Description of problem: netdump kernel modules ("netdump","netconsole") won't load on HP XW9300 Version-Release number of selected component (if applicable): netdump-0.7.7-3 How reproducible: Always on HP XW9300 (RHEL4U2 ES AMD64 SMP) Works always on other x86_64 systems (E.g. HP XW8200, Fujitsu-Siemens Celsius V830, IBM Intellistation A Pro 6217,...) Steps to Reproduce: 1. service netdump start 2. provide netdump password at the prompt 3. Actual results: [root@hp-amd-1 ~]# service netdump start netdump.13.3's password: initializing netdump FATAL: Error inserting netdump (/lib/modules/2.6.9-22.ELsmp/kernel/drivers/net/netdump.ko): Invalid argument [FAILED] initializing netconsole FATAL: Error inserting netconsole (/lib/modules/2.6.9-22.ELsmp/kernel/drivers/net/netconsole.ko): Invalid argument [FAILED] [root@hp-amd-1 ~]# Expected results: [root@hp-intel-1 ~]# service netdump start netdump.13.3's password: initializing netdump [ OK ] initializing netconsole [ OK ] [root@hp-intel-1 ~]# Additional info: sysreport in attachment
Created attachment 125135 [details] sysreport (no rpm data)
Strange -- looking at your /var/log/messages file: netdump: eth0 doesn't support polling, aborting. netconsole: eth0 doesn't support polling, aborting. netlog: eth0 doesn't support polling, aborting. netdump and netconsole (and netlog via netconsole) all utilize the in-kernel netpoll facility, and the netpoll facility is failing because the eth0 NIC driver does not support polling mode, i.e., never set up its poll_controller() interface: int netpoll_setup(struct netpoll *np) { struct net_device *ndev = NULL; struct in_device *in_dev; if (np->dev_name) ndev = dev_get_by_name(np->dev_name); if (!ndev) { printk(KERN_ERR "%s: %s doesn't exist, aborting.\n", np->name, np->dev_name); return -1; } if (!ndev->poll_controller) { printk(KERN_ERR "%s: %s doesn't support polling, aborting.\n", np->name, np->dev_name); goto release; } ... It appears your eth0 driver is forcedeth.c, right?
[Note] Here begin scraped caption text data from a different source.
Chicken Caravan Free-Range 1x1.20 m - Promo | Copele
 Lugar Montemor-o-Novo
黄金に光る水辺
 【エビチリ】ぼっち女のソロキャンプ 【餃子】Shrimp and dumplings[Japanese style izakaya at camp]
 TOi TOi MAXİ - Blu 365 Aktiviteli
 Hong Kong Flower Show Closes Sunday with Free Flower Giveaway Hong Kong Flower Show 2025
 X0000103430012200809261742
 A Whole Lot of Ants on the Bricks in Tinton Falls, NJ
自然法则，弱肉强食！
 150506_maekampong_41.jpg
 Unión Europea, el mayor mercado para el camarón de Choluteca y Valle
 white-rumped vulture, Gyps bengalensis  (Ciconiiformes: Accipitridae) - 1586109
And if configured properly, it does have a poll_controller interface -- in forcedeth.c:nv_probe() there's this: #ifdef CONFIG_NET_POLL_CONTROLLER dev->poll_controller = nv_poll_controller; #endif and CONFIG_NET_POLL_CONTROLLER is turned on by default in RHEL4 kernels. Are you rebuilding kernels, or drivers, or doing anything out of the ordinary?
Created attachment 125145 [details] sysreport (nvnet driver)
there is one thing: I'm booting into the PXE first. Then I chose a hard disk boot in the PXE. (The system is installed frequently via PXE.) The behavior doesnt change if I boot directly from hard disk. (Again using the forcedeth driver.) With your hint pointing to the ethernet driver I tested the same on a SUN Ultra 40 Workstation. (Similar configuration, forcedeth driver.) This system shows the same error. Back to the XW9300 I configured NVIDIAs nvnet driver. This shows the same failure on the command line. But I have attached another sysreport from this configuration.
Tom, Jeff, I have no idea what's going on here -- for whatever reason the dev->poll_controller is not being initialized? Is there something special about the forcedeth driver that doesn't support netpoll? Dave
The forcedeth driver in 2.6.9-22 does not support netpoll. Netpoll support was added in kernel 2.6.9-22.16, and should be available in the next update. Having said that, I don't have any forcedeth hardware to use for testing.
> #ifdef CONFIG_NET_POLL_CONTROLLER > dev->poll_controller = nv_poll_controller; > #endif > > and CONFIG_NET_POLL_CONTROLLER is turned on by default in RHEL4 kernels. > > Are you rebuilding kernels, or drivers, or doing anything out of the ordinary? Sorry about that -- I was looking at a 2.6.9-24 source tree...
In my testing the latest kernel from here resolves this bug : http://people.redhat.com/linville/kernels/rhel4
I can confirm that the kernel from kernel-smp-2.6.9-34.EL.jwltest.119.x86_64.rpm resolves the problem on both systems. (Sun Ultra 40 and HP XW9300 using forcedeth version 0.52 as driver.)